Another area involves interconnection queues and transmission costs. Despite FERC Order 845, as North Carolina explained in its response, “… generation in the FERC queue creates delays for processing projects in the State queue. Similarly, there will be tensions regarding who pays for transmission upgrades.”
Murky Decisions About Digitalization and Transport Electrification
Compounding regulatory complexity, meanwhile, is that state commissions also grapple with a general lack of detailed data that would help them make informed decisions. “A true bulk power system view does not exist in the US,” the analysis notes. “A significant amount of the necessary data to understand where DERs might be deployed most successfully, is probably captured today, but provision of that data is not yet standard practice and analysis of that data for DER valuation is certainly not possible without the necessary technology.”
Several states appear to be taking steps to address this knowledge gap by integrating technology tools, but investments in technology such as DER management systems may not be fully justified until DER penetration or legislative urgency ramps up.
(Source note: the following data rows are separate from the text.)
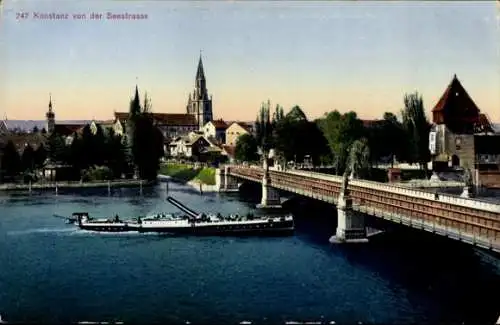 Ak Konstanz am Bodensee, Brücke, Schiff, Blick von der Seestraße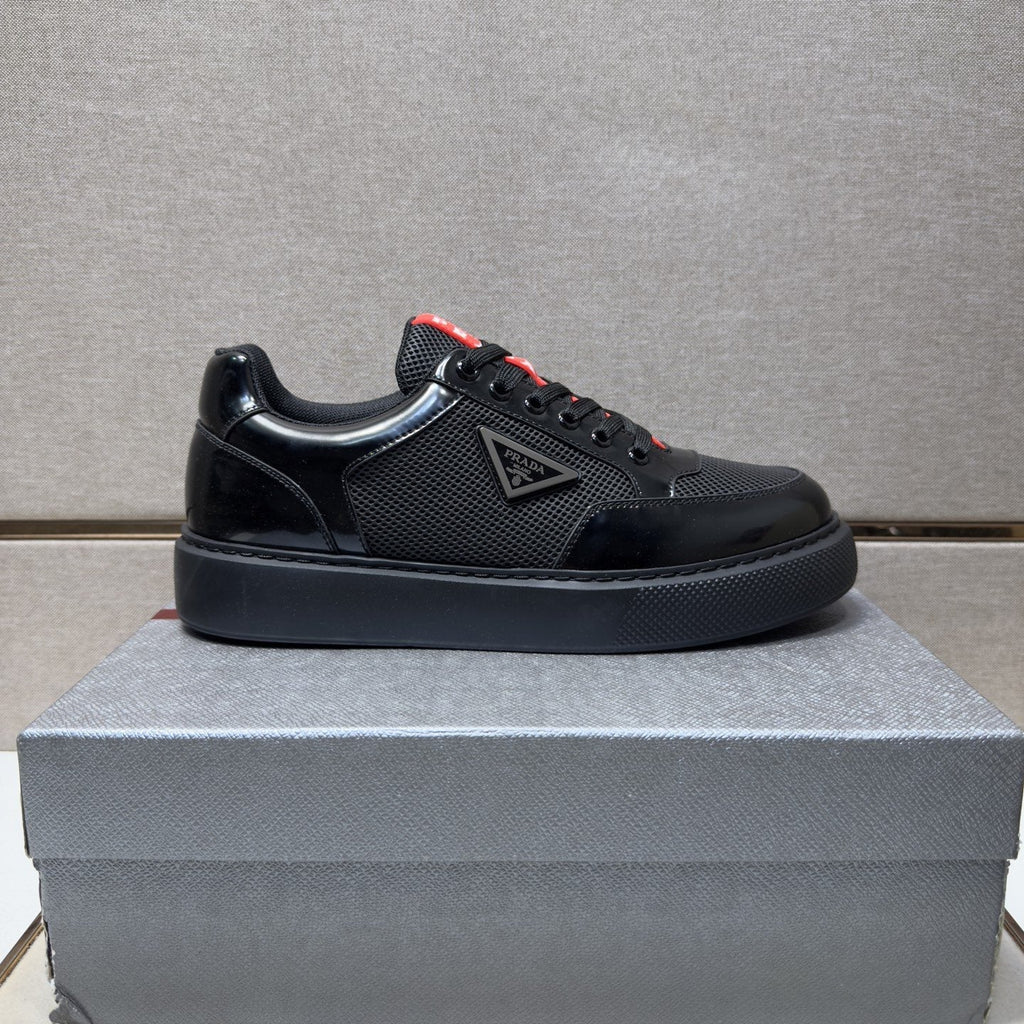 Prada Men's Mesh Panel Low-Top Sneakers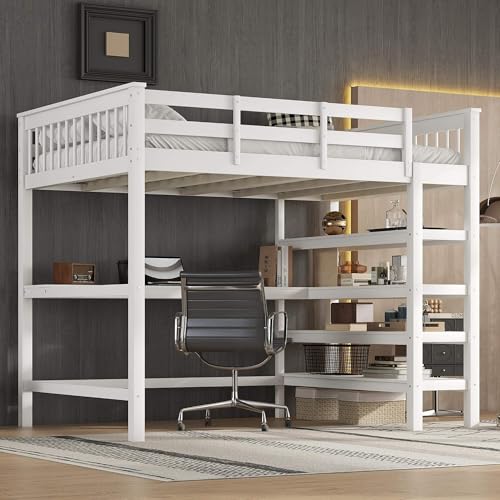 HYUB Cama alta de 140 x 200 cm con escritorio y espacio de almacenamiento, litera de madera con estantes y somier, marco de cama con protección anticaídas, color blanco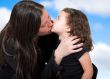 beautyful girl with her mum - clipping path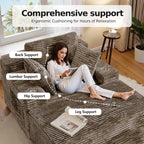 66" Chaise Lounge Chair Indoor,Oversized Boneless Single Sleeeper Couch Bed,Corduroy Cloud Sofa with 3 Soft Pillows for Livingroom,Bedroom,No Assembly,(Khaki)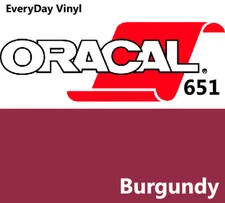 12"x5' - Burgundy - Oracal 651 -shiny Adhesive Vinyl - Craft Hobby Sign Cutters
Data privacy is also a key concern, commissions said.
Meanwhile, most commissions haven’t yet considered capital treatment for cloud computing. “Those who are considering are the ones trying to work within or around the traditional utility business model to develop incentives for change that address utility business concerns. Increasingly, grid software and the expertise required to manage and update it will be remote, cloud-based and cheaper than internally developed and/or deployed technology. This may not matter to most regulators today, but it may in the future,” the analysis says.
As interestingly, accelerating the pace of electric vehicle (EV) and rollout of public charging infrastructure is clearly of interest to state commissions, but most are still developing policy—to provide regulatory direction and market incentives—and implementing pilots to refine regulatory, technical, and market needs.
As the analysis concludes that on the question of transport electrification: “The most interesting takeaway is that most Commissions have made no decision on the appropriate role for the utilities. Combine what we learn here … with EV charging, and the pattern is clear. Some core, policy decisions are required, but many states are waiting for penetration rates to increase, along with customer demand for charging infrastructures.”